| DATASET CONTENT |
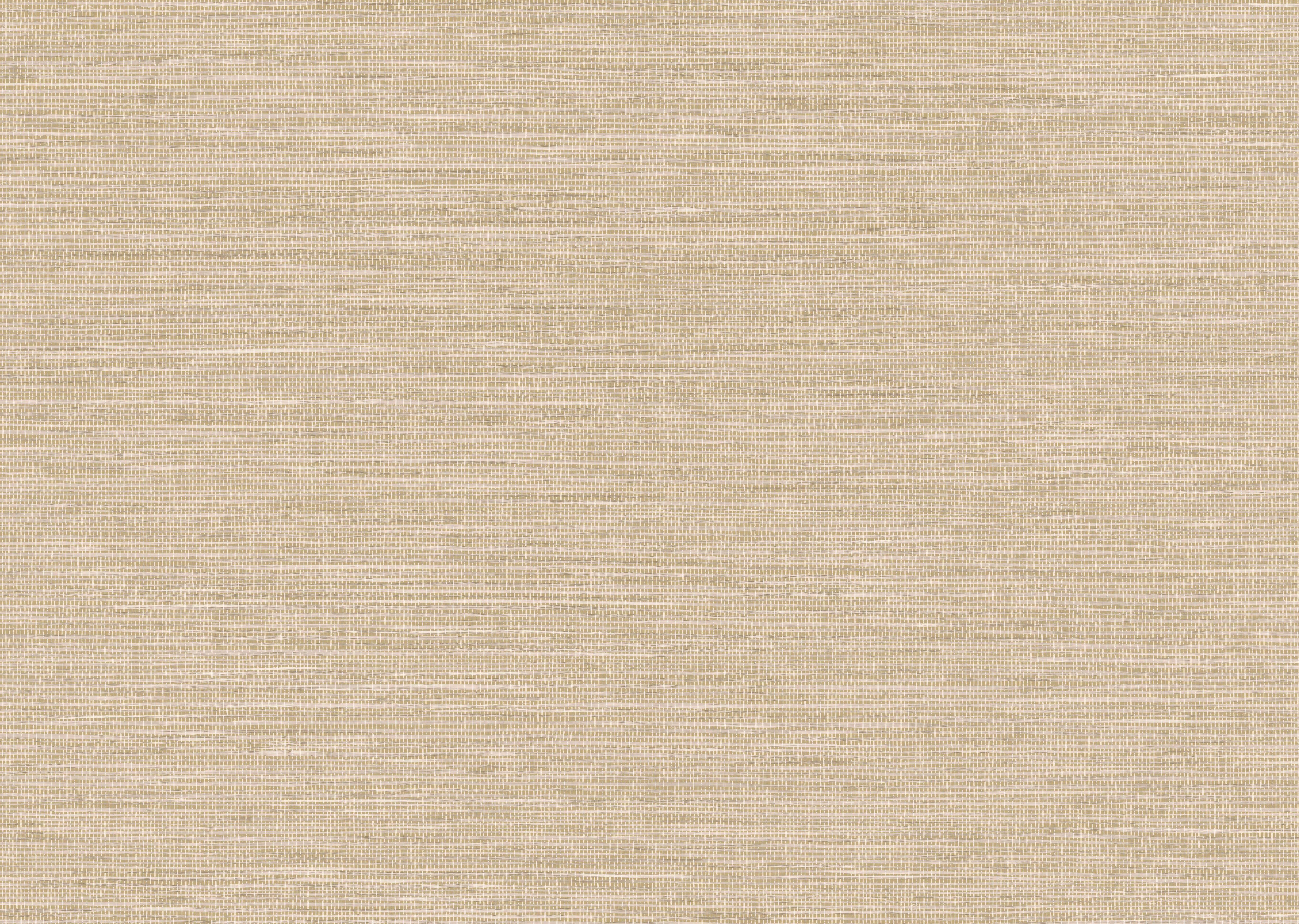 Arte Essentials Les Naturels La Prairie 26722 Behang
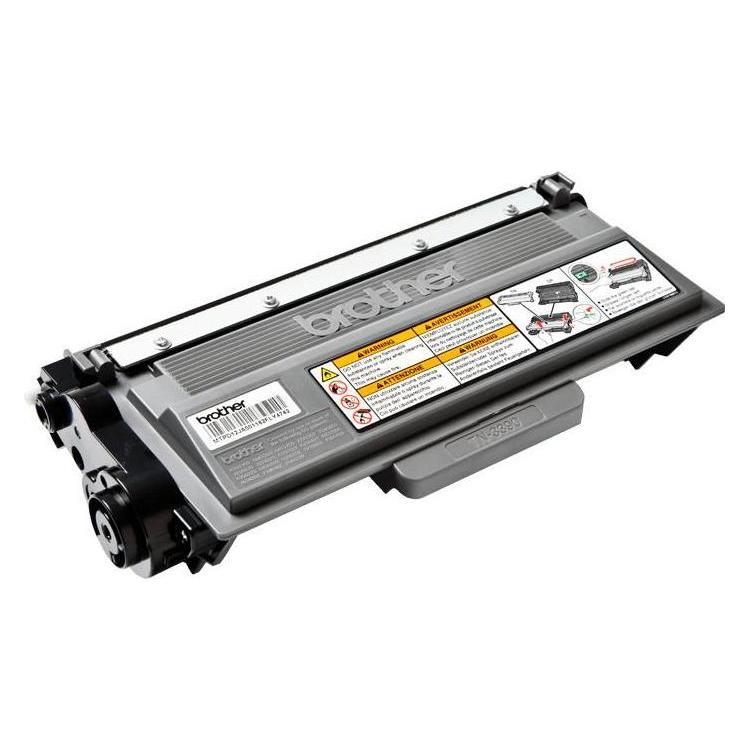 Brother Schwarzer Toner, Seiten: 12.000 (TN-3390)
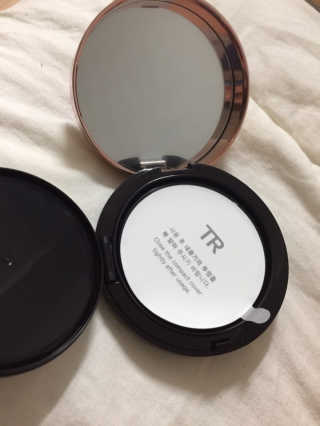 무ㅗ왜뭐님이 올린 리뷰 사진 3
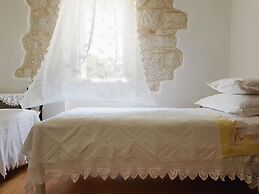 Castel Nonna Franka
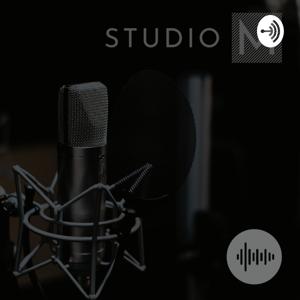 Studio M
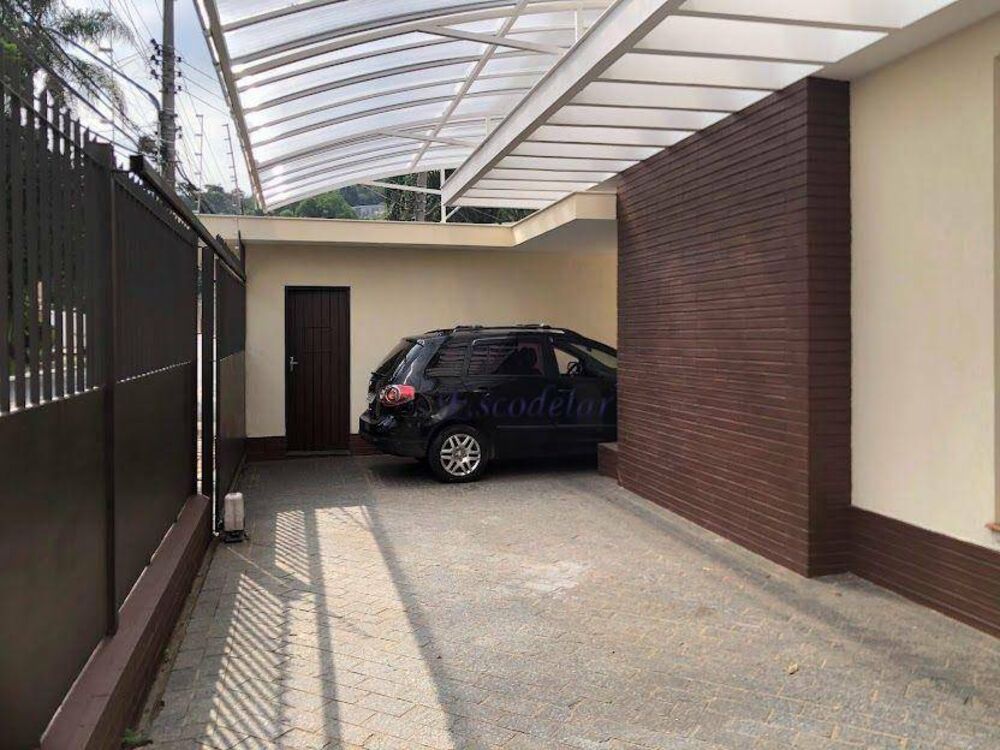 Casa, 4 quartos, 950 m² - Foto 30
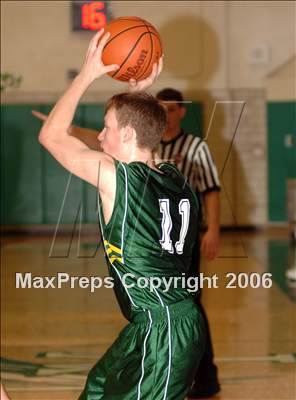 Thumbnail 3 in King Philip Regional @ Dennis-Yarmouth Regional photogallery.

| ASSIGNMENT |
Reproduce word for word only the lines between the line containing "무ㅗ왜뭐님이 올린 리뷰 사진 3" and the end of the listing above, both included, and drop any pictures.

| REPLY TO THE TASK |
 무ㅗ왜뭐님이 올린 리뷰 사진 3
 Castel Nonna Franka
 Studio M
 Casa, 4 quartos, 950 m² - Foto 30
 Thumbnail 3 in King Philip Regional @ Dennis-Yarmouth Regional photogallery.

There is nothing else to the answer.